ASSIGNED TASK:
Restate word for word the lines of the records below, starting at the line that contains "Outdoor Rug: Lattice" and ending at the line that contains "Hyundai Elantra 2.0L 4 2024", with both of those lines included and nothing else.

LISTED ENTRIES:
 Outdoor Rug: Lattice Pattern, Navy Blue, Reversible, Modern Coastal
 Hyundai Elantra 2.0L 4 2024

--

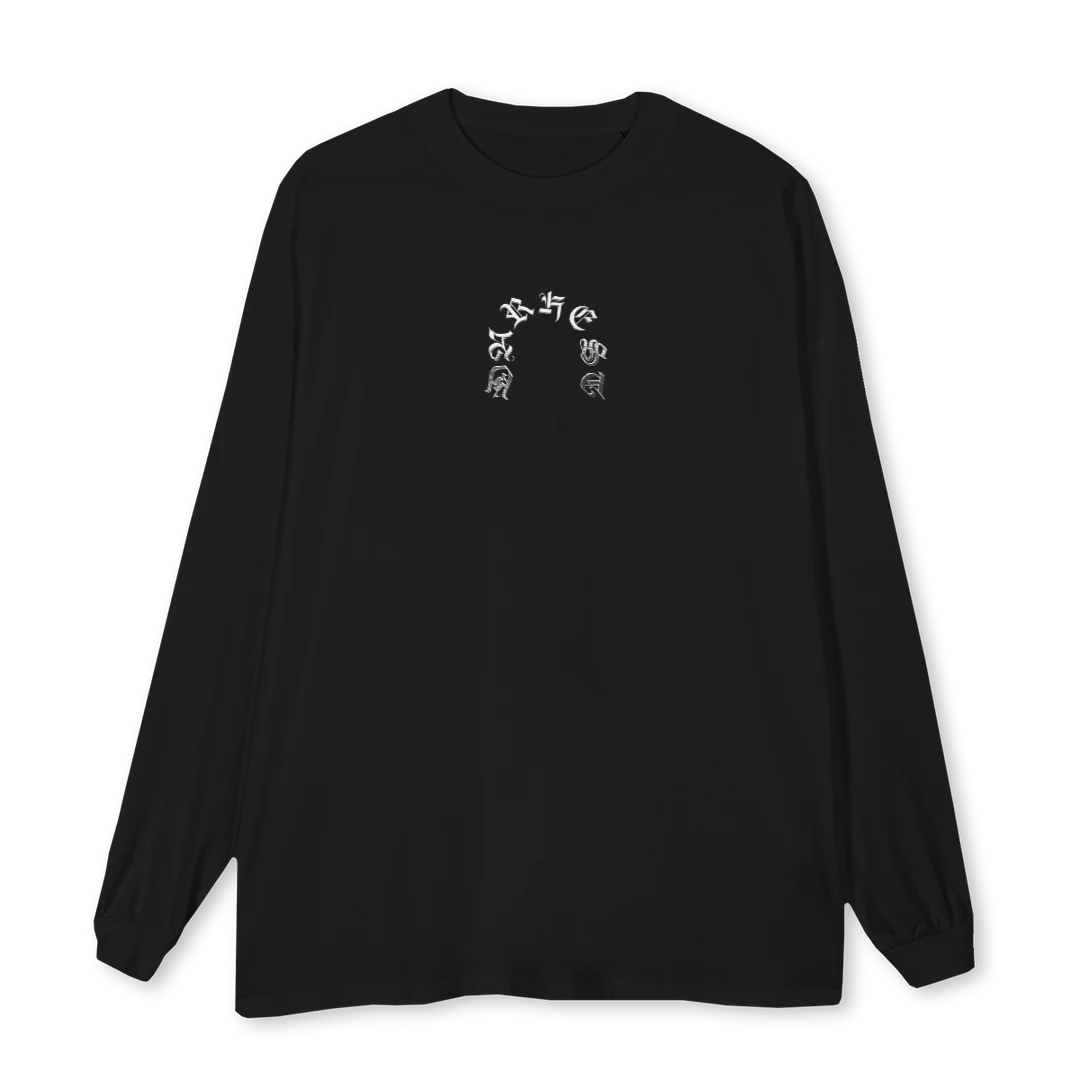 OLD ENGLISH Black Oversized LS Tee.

ANSWER TO THIS EXERCISE:
 Outdoor Rug: Lattice Pattern, Navy Blue, Reversible, Modern Coastal
 Hyundai Elantra 2.0L 4 2024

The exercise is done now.